Last week's game night was very productive for me, in that I got three of my games playtested and each of them need to be refined in different ways. Here's a breakdown:
Disaster! (Working title, also called Disaster Management or DM)
A couple of months ago, one of my most reliable playtesters approached me after we had done a run-through of Flash Point: Fire Rescue. His chosen field is disaster management, and he and I (me being informed mostly by The Spiel's excellent cover of Flash Point) were discussing the realities versus the game elements. He expressed a desire to do something similar with disaster management and wanted my help with game mechanics and flow. He and I talked out some ideas, I made a Google doc that I shared with him and we brainstormed for a little while. I then made a rough prototype and then a refined prototype and we played those once a piece. After the second playtest, I refined the prototype one more time and then wrote some actual rules (the first two games were run off of our development notes). Note that while DM was originally conceived as a co-op, it became rapidly clear that all of our good ideas were for a competitive game and that what all the playtests have been.
Disaster! is a game for 3-5 players, and seems to average about 15 minutes per player right now. In the game, each player takes the role of a municipality's disaster coordinator. Each round they send out responders (workers, essentially) to train up their various emergency skills (Medical, Evacuation, Firefighting, Peacekeeping and Shelter), hire contractors (special rules-breakers for that round), and what-not. There are also seven Federal (gray) responders that anyone can use, but they are less powerful than your own responders. After everyone has deployed all of their workers, the players face actual disasters. In a gameplay trumping reality mechanic, the first couple of rounds the disaster you face is likely of a known quantity, but as the game goes on there are more random disasters. After everyone has a shot at being the first player, the game is over and the player who's survived the most (dangerous) disasters is the winner.
That's the basic overview, I'll explain a few mechanics in-depth as they come up in my analysis:
1> The game has a strong first player advantage. This latest playtest mitigates the FP advantage in two ways: 1, the last player in the first round is the first player in the last round. This means they are first when it comes to placing workers and they get to choose if they'll take the only face-up disaster and 2, the skill tile draft is in reverse turn-order with the last player going first. These two rules seemed to work well to mitigate the first player advantage. In the next playtest, only three skill tiles will be drafted instead of four, but I think this will still work out ok.

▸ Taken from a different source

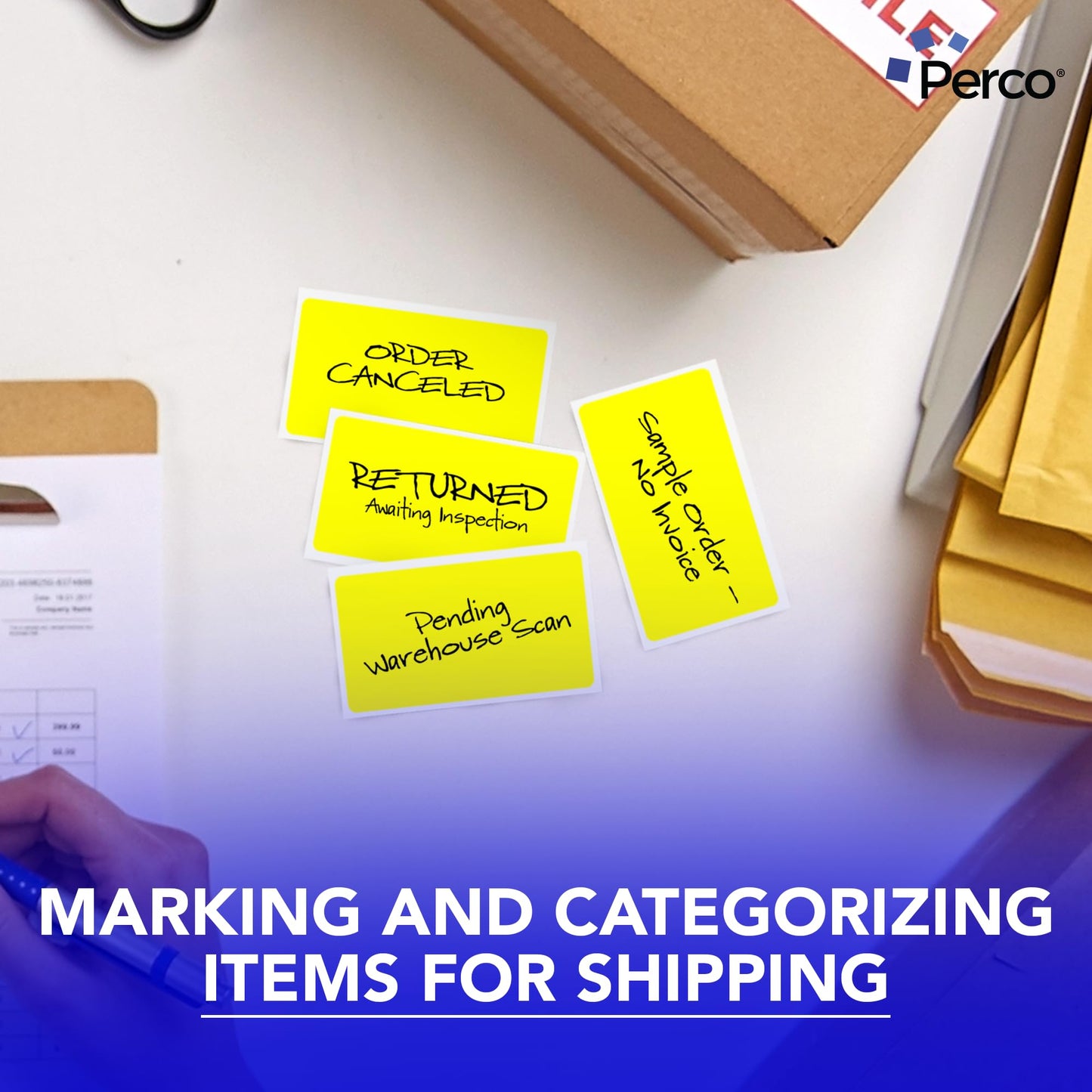 Perco Fluorescent Yellow Labels 7.6 cm x 12.7 cm 500 Stickers/Roll with Perforation for Easy Tear-Off and Strong Adhesion for Warning Labels, Shipping Notes, Reminders & Instructions — Made in USA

2> The training coordinator contractor is overpowered. This became obvious in this playtest, as Mark consistently took this contractor and won the game. Skill tiles are double-sided with a rating, so a particular skill tile might be a Shelter -3 on one side and a Medical - 3 on the other. The training coordinator allowed Mark to flip a tile each time it was his turn, allowing him to completely reconfigure his department for whatever he faced. It will be amended to be a once-a-round power.
3> Despite making training exercises harder, no one failed any disasters. Miah thought she had failed her final disaster and would have to turn in her Public Relations token (failed disasters are worth -10 points, but each player has a PR token that can be given up to discard one failed disaster). However she had hired a contractor that allowed her to use another player's skill tile. Once she remembered that, she was good. That's why I want to change it to three skill tiles instead of four in the game. Less competency at the beginning will mean it's harder to train and thus harder to get up to a point where you're untouchable.
4> I keep meaning to ask my players, but I'm afraid of the luck component. This version of the game mitigates that some by having face-up disasters (You can run a training exercise against a face-up disaster, but then can't pick that disaster as your actual disaster --- Murphy's Law in the rulebook). However, my co-designer says that the system is very evocative of the real world and my playtesters haven't been complaining about it.
5> Player interaction... Now players have to place one of their workers next to a disaster in order to run it as training exercise. It was pointed out that there was potential strategy to take a training exercise that you'd fail, just to prevent someone else from completing it. Also, the first player in the last round has an interesting choice... taking the only face-up disaster as a training exercise guarantees that they'll be drawing a random disaster. Again, I keep forgetting to ask my playtesters, but I haven't been getting complaints.
VERDICT: All it takes is a magic marker to the Training Coordinator on the board and a pen to the rules to change four skill tiles to three. All my playtesters have remarked on how fast this thing has come together. Hopefully, we'll get this thing to the table again this week.